RECORDS FOR THIS TASK =>
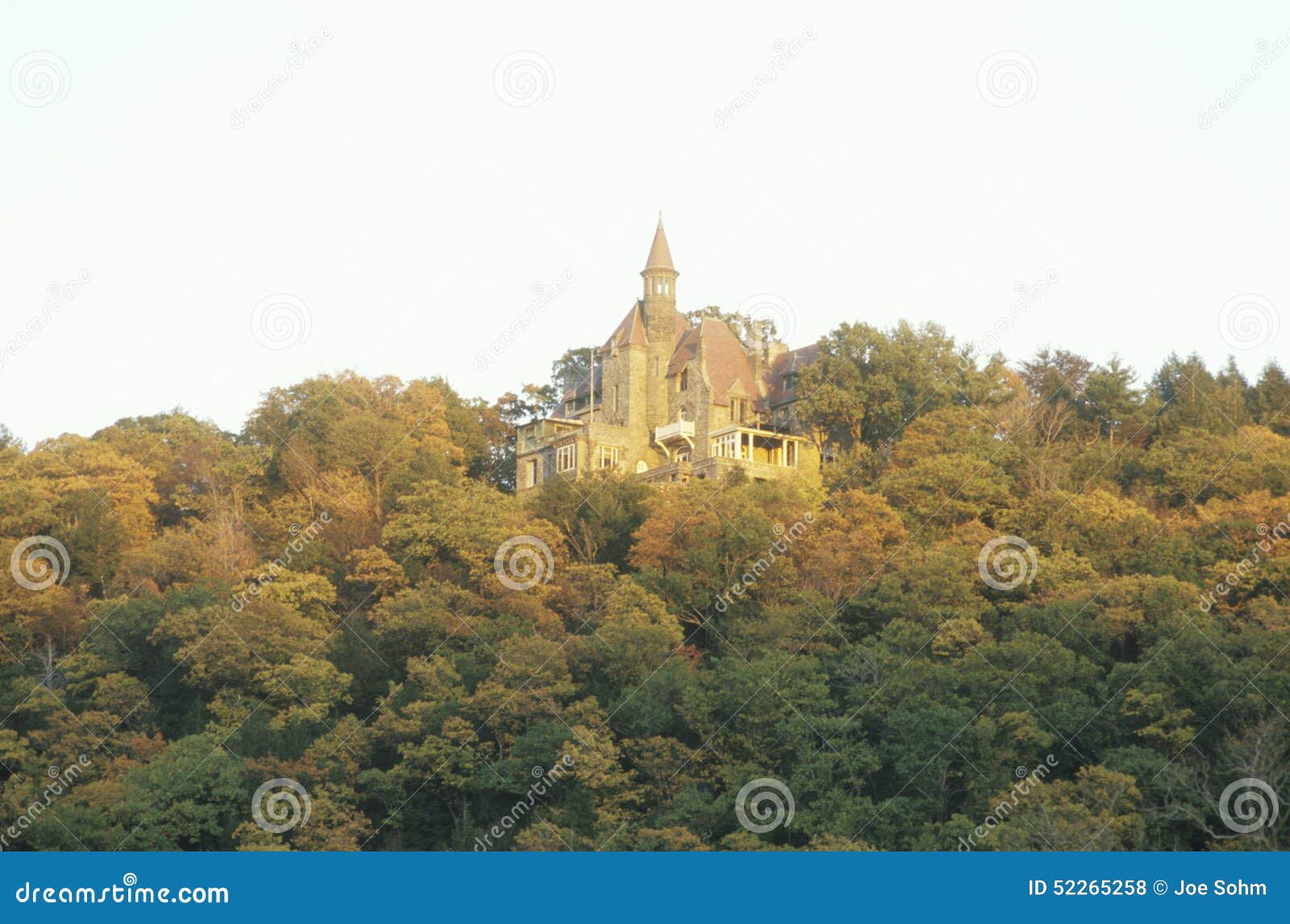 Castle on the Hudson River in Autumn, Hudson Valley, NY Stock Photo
...
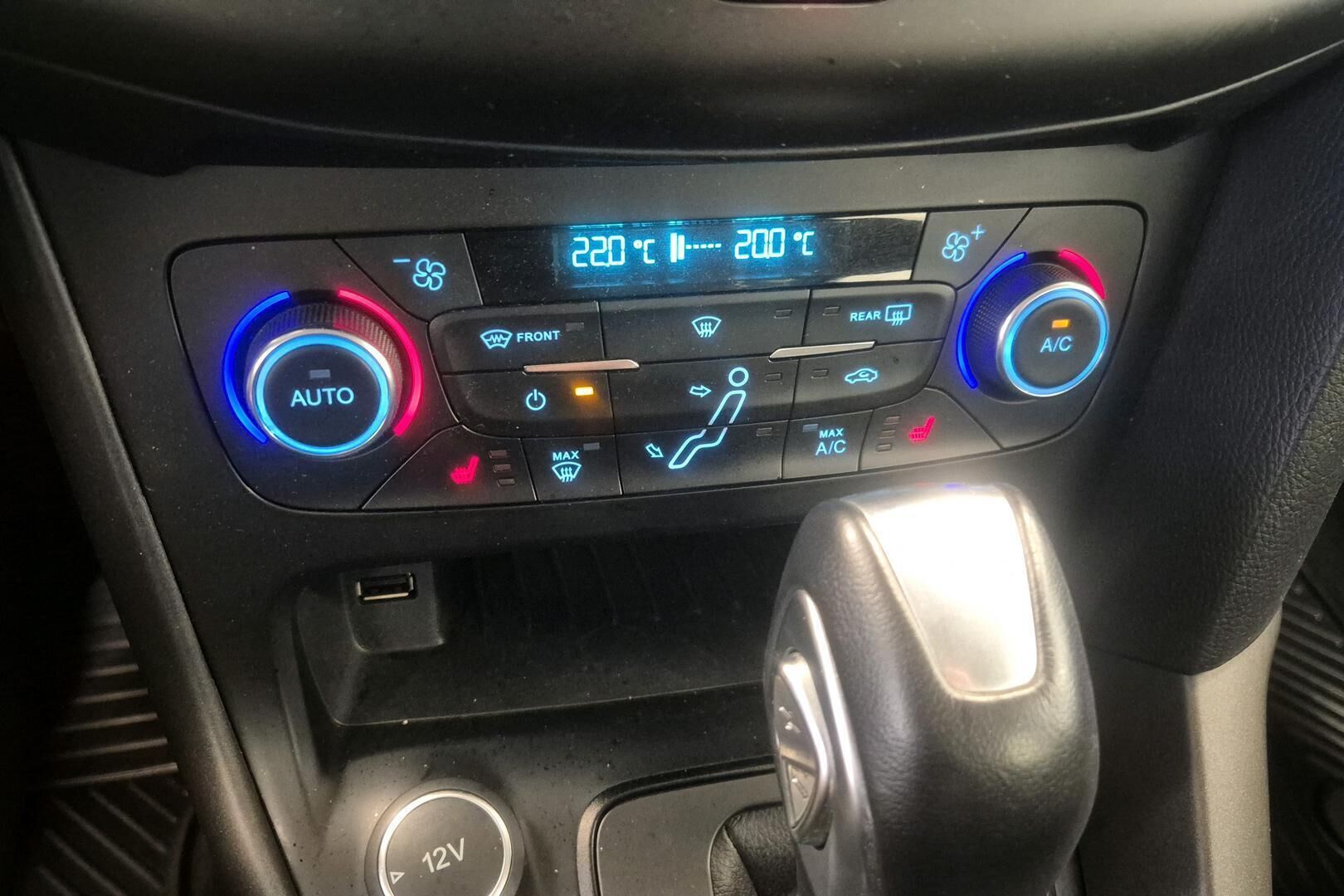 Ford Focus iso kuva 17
---
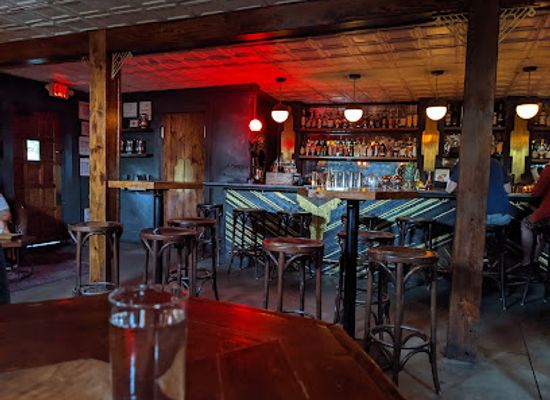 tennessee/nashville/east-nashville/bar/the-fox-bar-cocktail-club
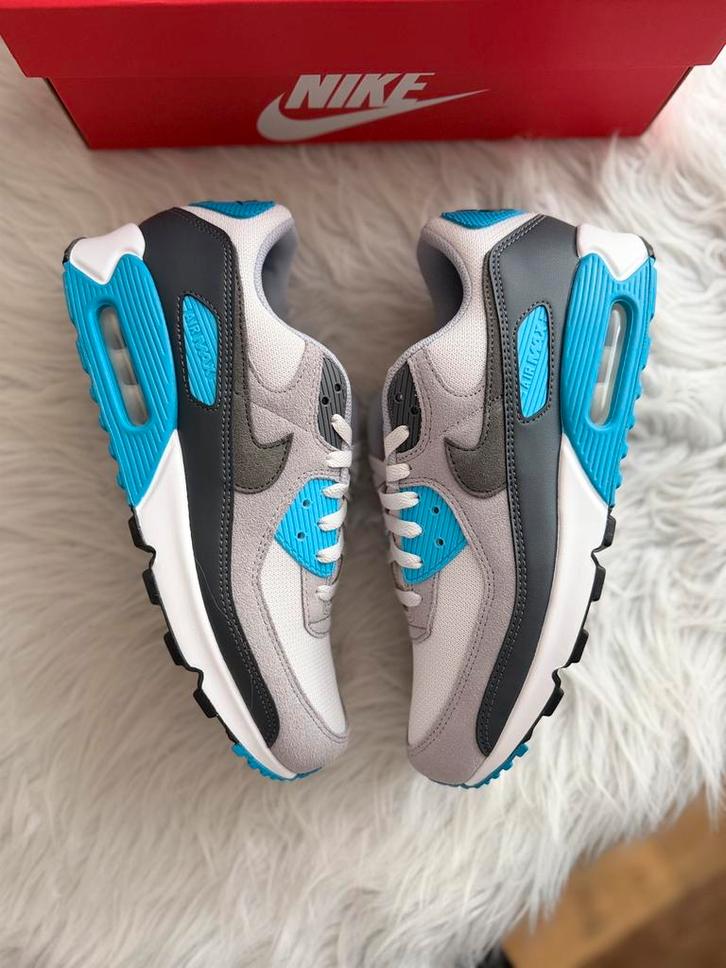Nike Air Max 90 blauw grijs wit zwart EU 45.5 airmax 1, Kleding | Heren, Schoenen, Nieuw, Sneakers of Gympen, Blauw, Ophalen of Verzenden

YOUR OBJECTIVE => Your copy should hold only the lines above from the one containing "tennessee/nashville/east-nashville/bar/the-fox-bar-cocktail-club" through the one containing "Nike Air Max", exactly as written and free of pictures.

OUTPUT OF THE EXERCISE =>
 tennessee/nashville/east-nashville/bar/the-fox-bar-cocktail-club
Nike Air Max 90 blauw grijs wit zwart EU 45.5 airmax 1, Kleding | Heren, Schoenen, Nieuw, Sneakers of Gympen, Blauw, Ophalen of Verzenden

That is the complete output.